--- Description of the task ---
Excluding pictures, what does the listing below contain from the line with "Rose and heart" up to and including the line with "bathroom featuring toilet and vanity", word for word?

━━━━━━━━━━━━━━━━━━━━

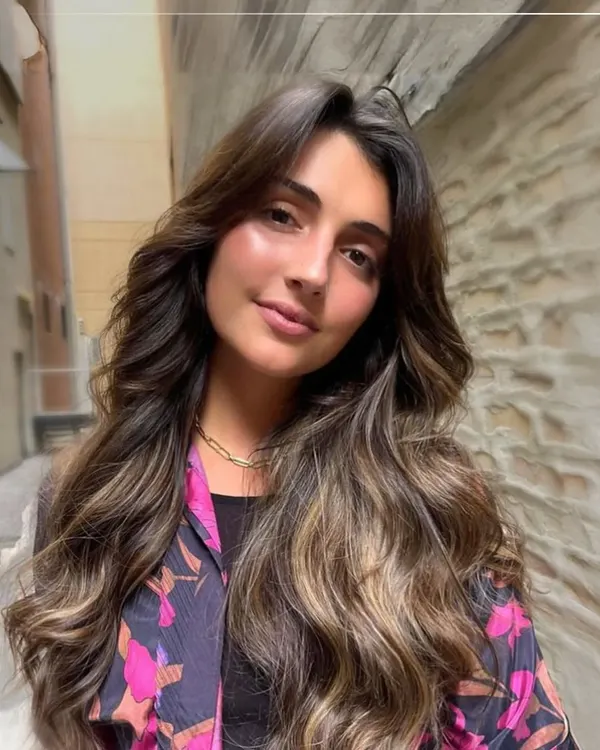 This is the beauty of balayage. Notice how the hand-painted highlights create a seamless, natural-looking gradient that adds dimension and movement, perfectly mimicking how hair lightens in the sun.
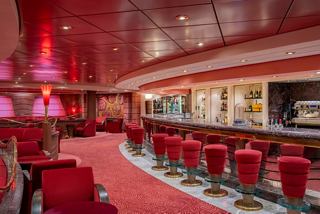 Bar and inviting seating area in the warm atmosphere of MSC Poesia | MSC Cruises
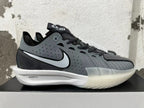 Side view of a grey and black shoe with a contrasting Swoosh, crosshatched detailing, and visible GT-03 and ZOOMX markings.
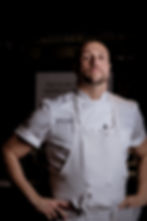 Chef in white uniform stands confidently with arms akimbo, dark background, text "BEAR by" visible on his apron.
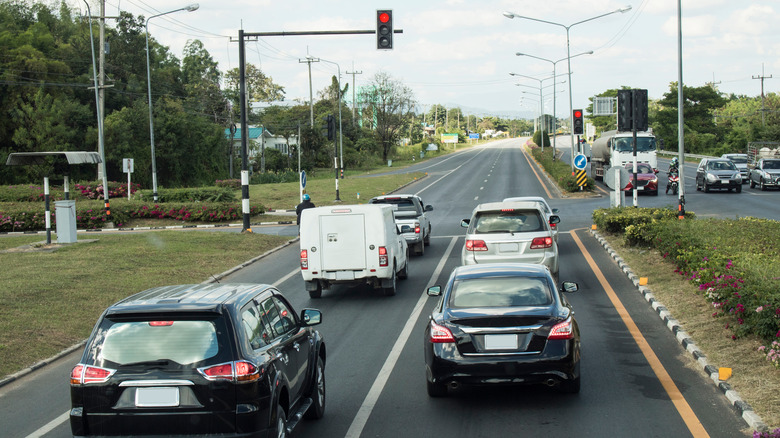 Cars waiting in line at traffic light 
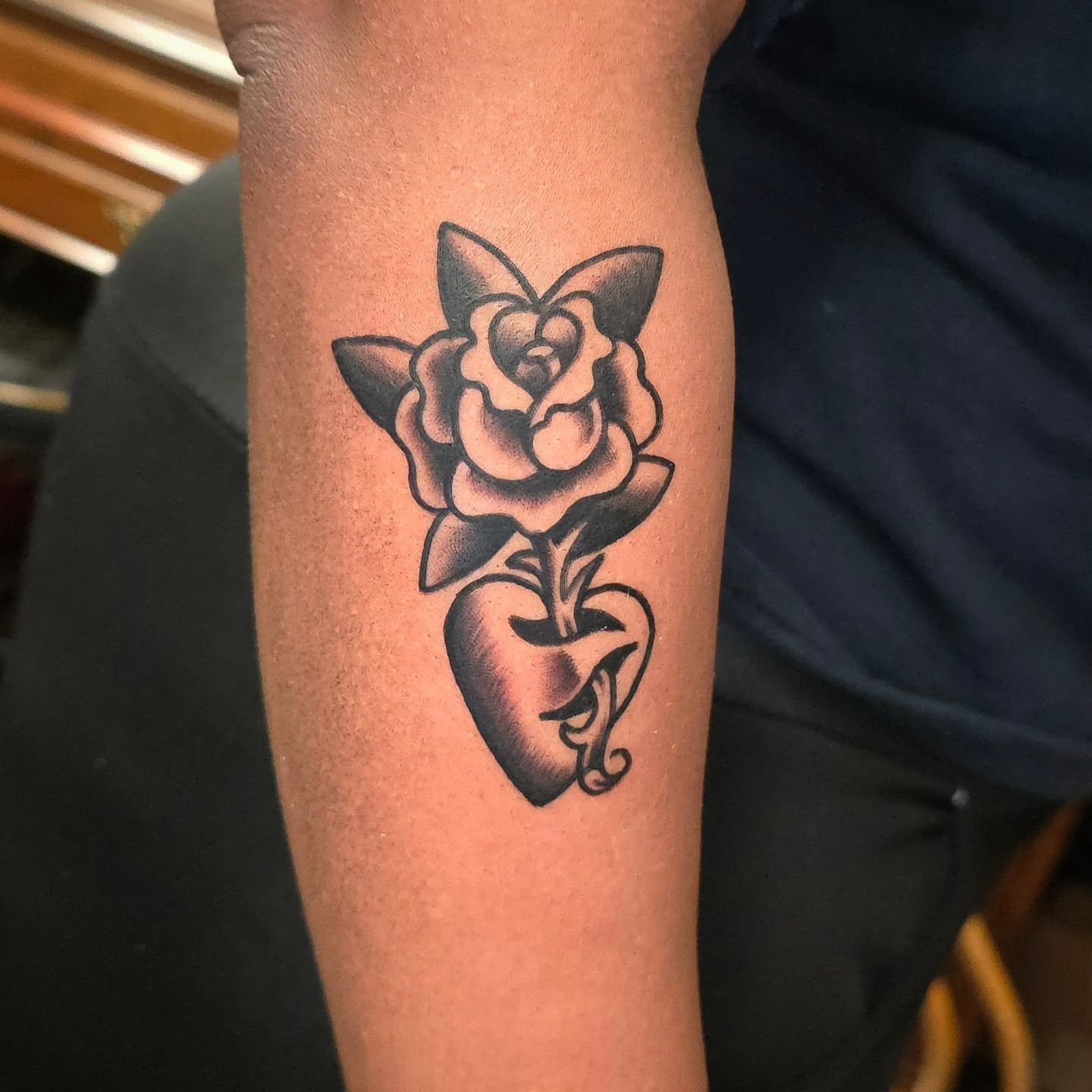 Rose and heart black and grey tattoo on the forearm by Joseph Jeffers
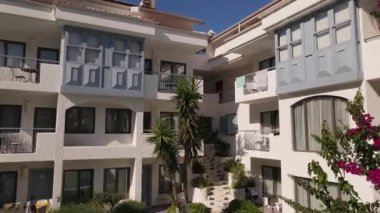 Beautiful aerial panoramic view of hotel pool and Oludeniz city, summer time . High quality FullHD drone footage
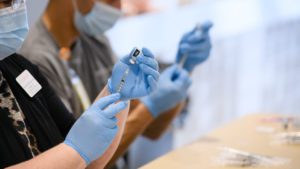 Nurses wearing gloves preparing a needle with the vaccine.

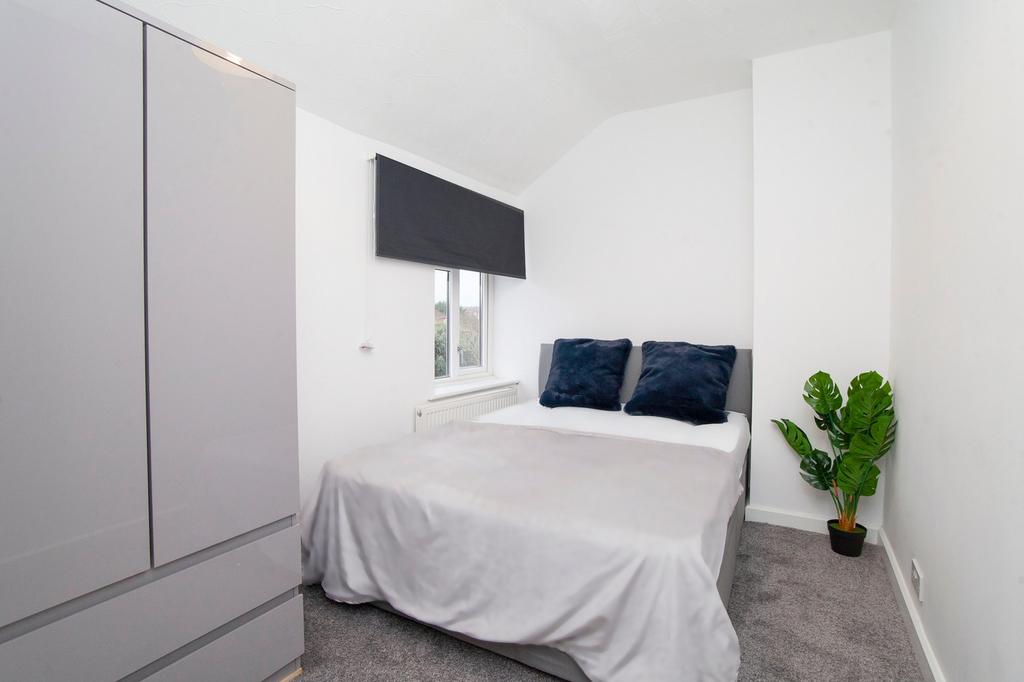 A clean and well-lit double bedroom featuring a...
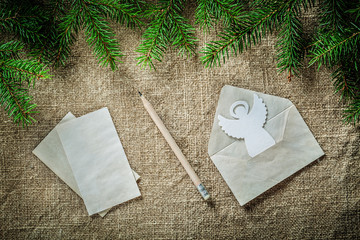 Fir tree twig envelope paper angel pencil on bagging surface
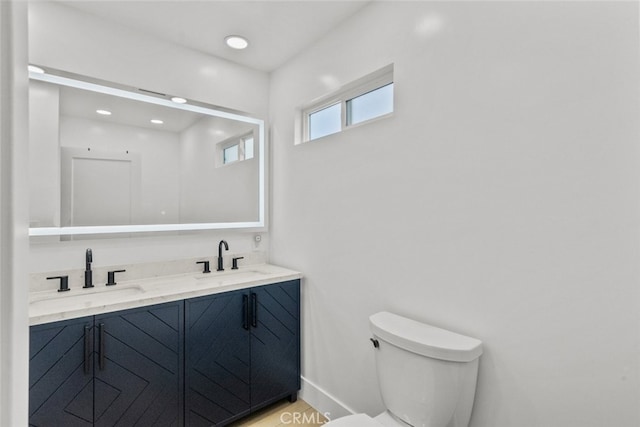 bathroom featuring toilet and vanity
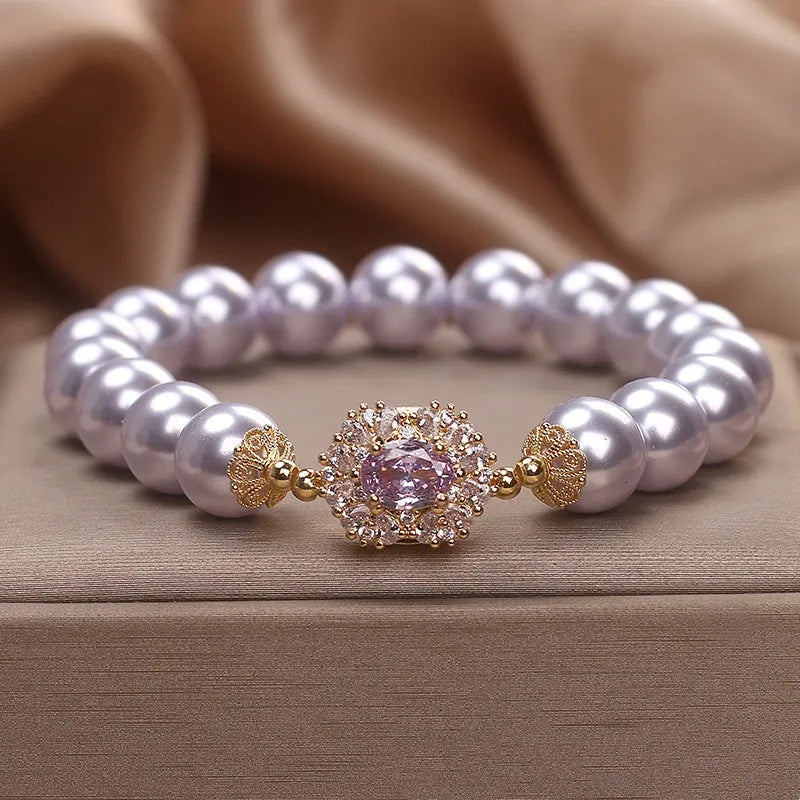 Dreamy purple zircon pearl bracelet with diamond flower charm on wrist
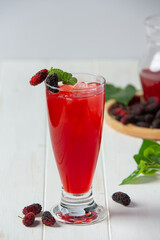 Mulberry juice on white wooden backgroud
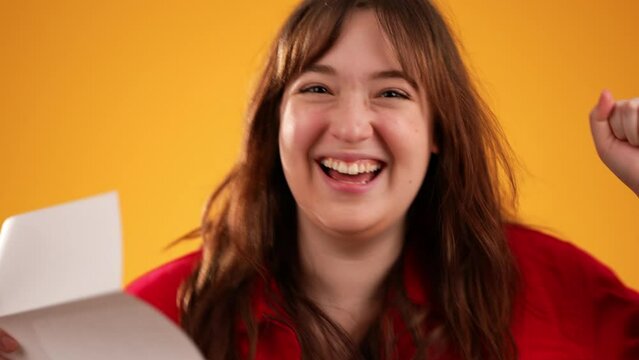 Closeup portrait of woman opening letter with good news looks at camera a smiling and happy isolated on yellow background.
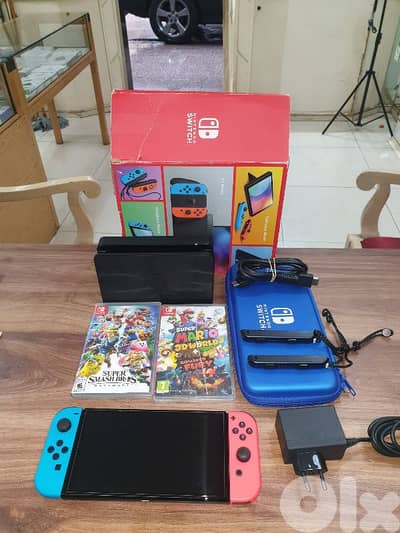 nintendo switch oled used like new with 2 games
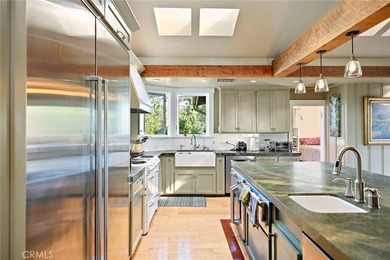 This beautifully maintained 4-bedroom, 3-bath home captures the - photo 6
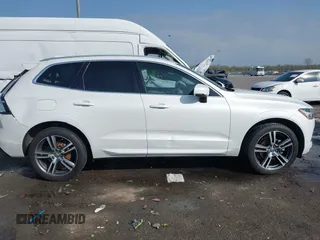 2019 Volvo XC60 Momentum with VIN LYV102DK0KB219297, listed as a IAAI auction lot 41781458 with 80,524 mi miles and . Bid and sale history available at DreamBid. Image 13.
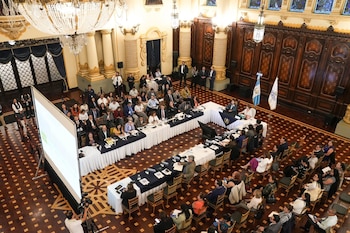 Interior de un gran salón con personas sentadas en mesas largas y sillas, una pantalla de proyección, dos banderas (una de Guatemala), candelabros y pilares decorados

━━━━━━━━━━━━━━━━━━━━

--- Task answer ---
 Rose and heart black and grey tattoo on the forearm by Joseph Jeffers
 Beautiful aerial panoramic view of hotel pool and Oludeniz city, summer time . High quality FullHD drone footage
 Nurses wearing gloves preparing a needle with the vaccine.

 A clean and well-lit double bedroom featuring a...
 Fir tree twig envelope paper angel pencil on bagging surface
 bathroom featuring toilet and vanity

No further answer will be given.